The naive approach - a centralized config database that all 20 regions poll every minute - fails on three fronts. First, 60-second propagation windows mean regions can diverge on a rolling-deploy timeline. Second, a polling architecture creates a thundering herd on the config DB during a high-churn deployment. Third, rollback becomes “push a new version and wait another minute,” which is too slow when you’re watching error rates climb in real time.
We need to solve for three constraints simultaneously: sub-500ms propagation to all 20 regions, prevention of config divergence between regions, and instant rollback within 5 seconds of triggering it.
Requirements and Constraints
Functional Requirements
- Store and version configuration key-value pairs (strings, booleans, numbers, JSON blobs)
- Push changes to all 20 global regions within 500ms of commit
- Detect and alert on config divergence between regions
- Support instant rollback to any previous version by key or entire config snapshot
- Provide an audit trail of every change with author, timestamp, and diff
- Support validation gates - schema checks and canary rollout - before global propagation
Non-Functional Requirements
- Propagation latency: p99 under 500ms globally
- Rollback latency: under 5 seconds from trigger to full propagation
- Availability: 99.99% (config reads must succeed even during control-plane outages)
- Write throughput: up to 1,000 config changes/hour during peak deployments
- Config store size: up to 10 million key-value pairs per environment
- Read throughput: up to 100,000 config reads/second per region (from local cache)
Constraints and Assumptions
- Config reads are on the hot path; writes are infrequent compared to reads
- Regions are assumed to have stable inter-region connectivity (P2P links, not internet)
- A config change that passes validation can still be bad at runtime - rollback is the recovery path
- We are not building feature flag evaluation logic; this is the distribution layer
High-Level Architecture
The system splits into two planes: a control plane that manages versioning, validation, and change propagation; and a data plane that serves config reads with sub-millisecond latency to local services.
The control plane lives in a primary region and consists of a Config API, a versioned Config Store backed by a distributed KV database, a Validation Engine, and a Propagation Coordinator.
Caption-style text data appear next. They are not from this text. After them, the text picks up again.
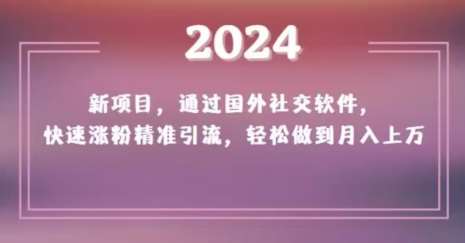 2024新项目，通过国外社交软件，快速涨粉精准引流，轻松做到月入上万【揭秘】-知享知识库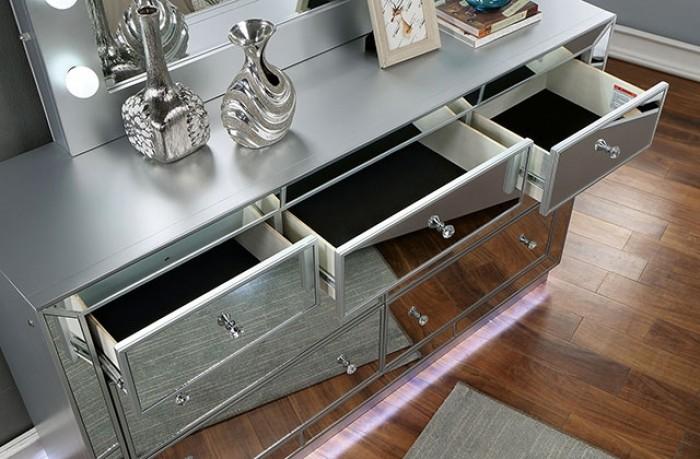

    
Glam Silver Solid Wood Dresser With Mirror 2PCS Furniture of America Belladonna CM7417SV-D-2PCS
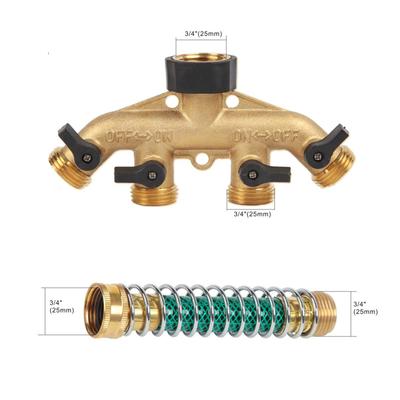 Divisores de mangueira de jardim de 4 vias com 2 extensões de mangueira de mola 4 arruelas 3/4 "" torneira desviadora mangueira de torneira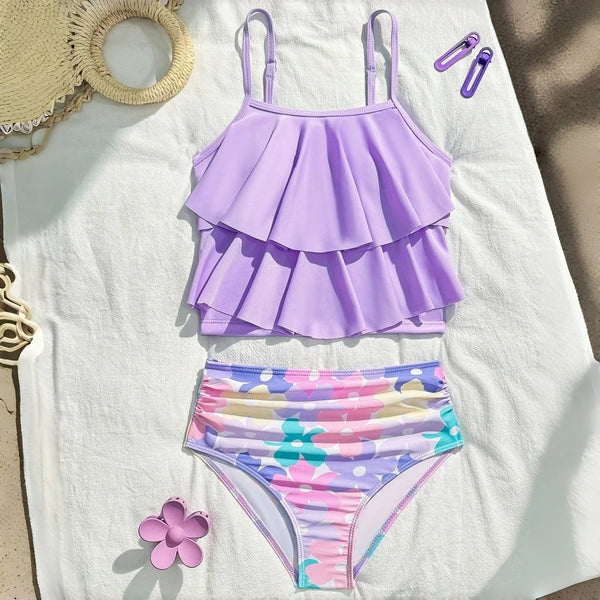 Flower Goals Lavender Ruffles Tankini for Girls & Tweens
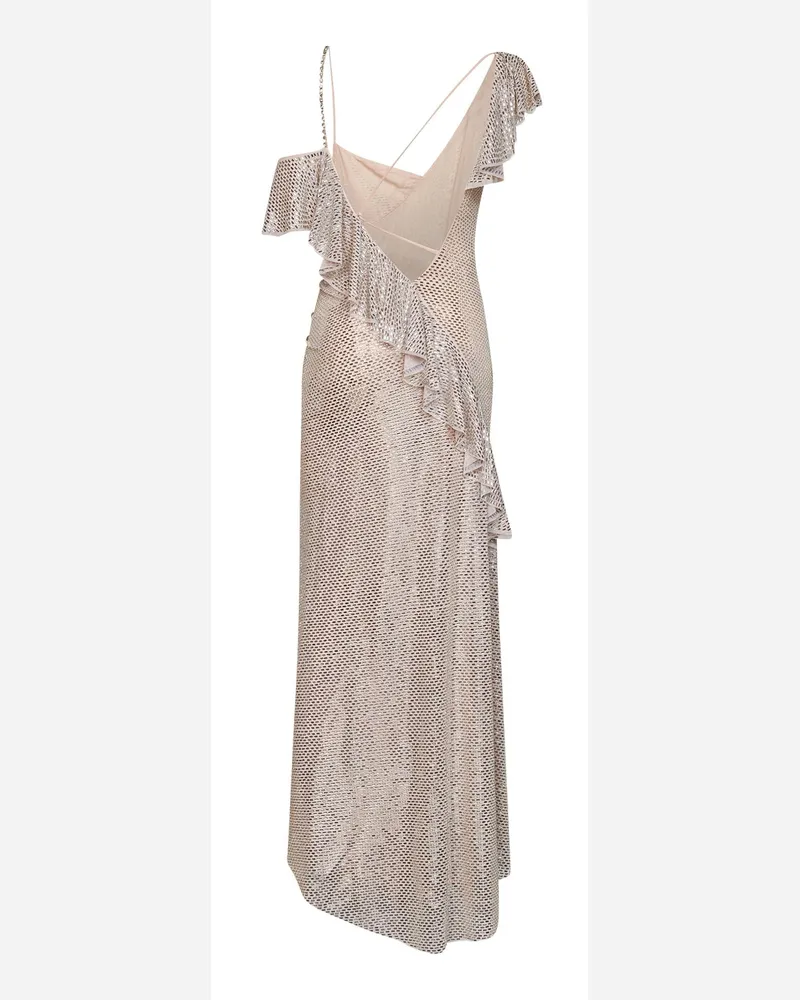 Self-Portrait Women's Rhinestone-Embellished Maxi Dress Nude Polyester Beige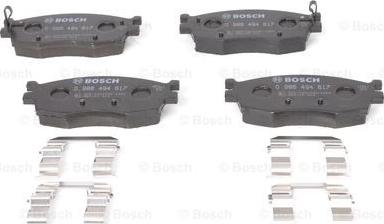 BOSCH 0 986 494 617 - Bremsbelagsatz, Scheibenbremse alexcarstop-ersatzteile.com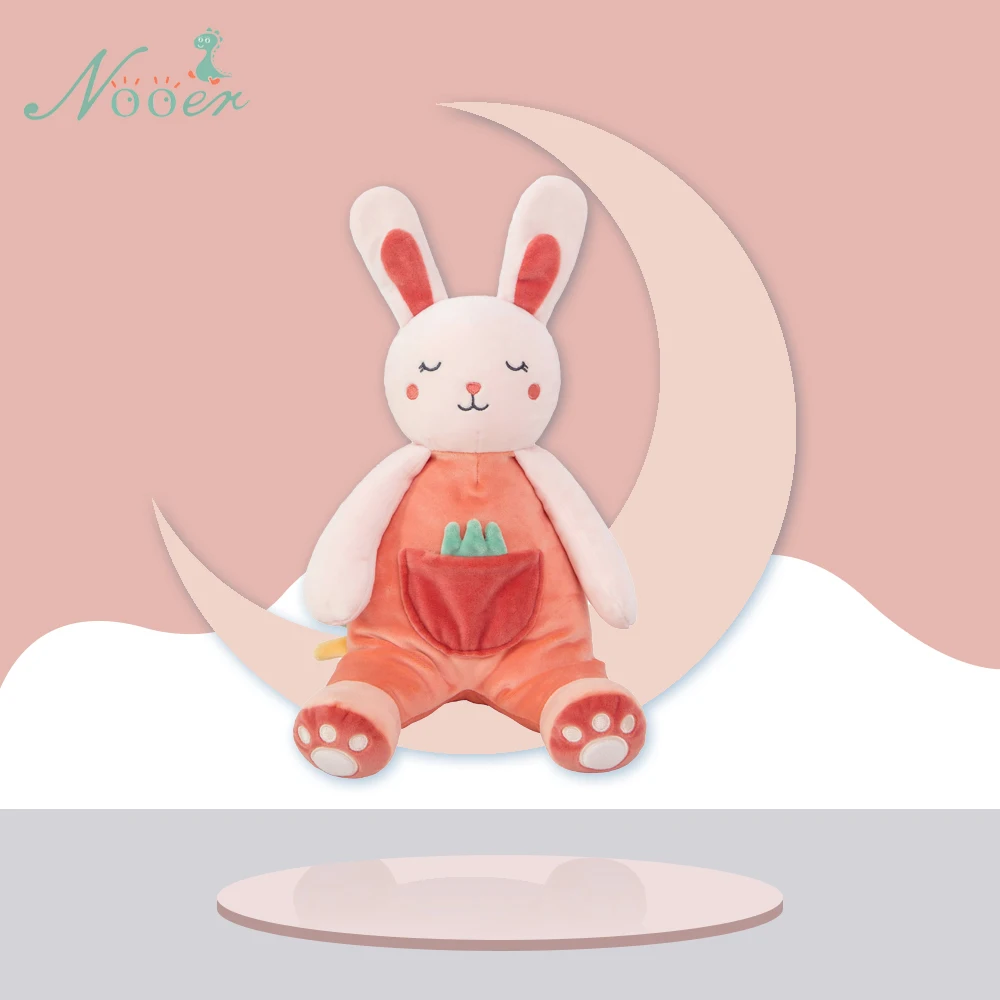 Nooer plush soft lion elephant bunny baby comfort security blanket with teether and rattle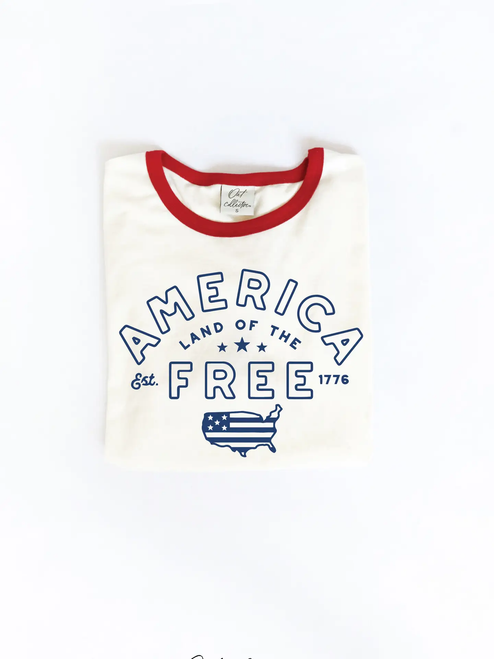 America Land of the Free Ringer Graphic Top - RED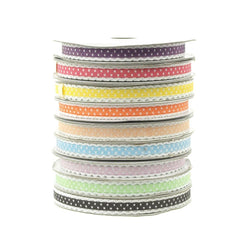 Polka Dot Picot-edge Polyester Ribbon, 3/8-Inch, 25- Yards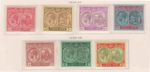 (F191-36) 1942-9 St Kitts Nevis set of 7stamps 1 1/2d to 5/- MH (AK) (TR04)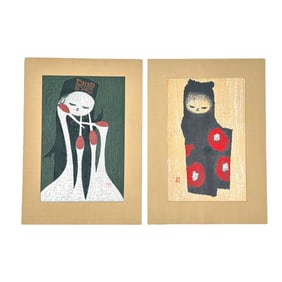(Lot of 2) Kaoru Kawano (Japanese, 1916-1965) "Little Girl, Camelia" and "Grir and Four Cranes"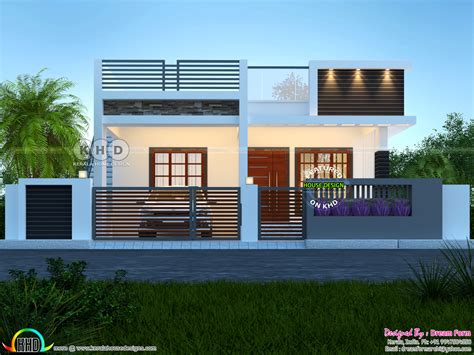 1250 Sq Ft 4 Bedroom Modern Contemporary House Kerala Home Design And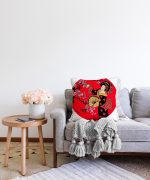 Çiçek Desenli Yelpazeli Japon Kız Motifli Modern Raşel Kadife Yastık Kılıfı Realhomes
When an operator commits a config change through the Config API, the Validation Engine runs schema checks and optional canary deployment. If validation passes, the Propagation Coordinator fans out the change to all 20 regional Config Agents via a push channel.
Each region runs a Config Agent that receives pushed updates, writes them to a local Config Cache (an in-memory store with disk persistence), and serves all local service reads. Services never call the control plane directly - they call the local agent, so config reads survive control-plane outages entirely.
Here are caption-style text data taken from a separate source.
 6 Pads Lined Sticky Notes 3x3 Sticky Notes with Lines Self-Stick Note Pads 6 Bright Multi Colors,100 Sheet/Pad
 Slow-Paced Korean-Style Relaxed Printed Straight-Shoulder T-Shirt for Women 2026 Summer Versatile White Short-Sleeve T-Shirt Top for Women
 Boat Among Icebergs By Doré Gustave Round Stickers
The Config Agent also runs a background reconciliation loop that compares its local version digest against the control plane’s expected version every 30 seconds - catching any divergence from missed pushes.
The data plane (local agent) and control plane (central store) must be completely decoupled for reads. Reads should never cross region boundaries; only writes should. This is what gives you both low-latency reads and high availability during control-plane failures.
The Config Store
The Config Store is the single source of truth for all configuration. Its job is to maintain an immutable, append-only version history for every key, allowing point-in-time queries and enabling instant rollback.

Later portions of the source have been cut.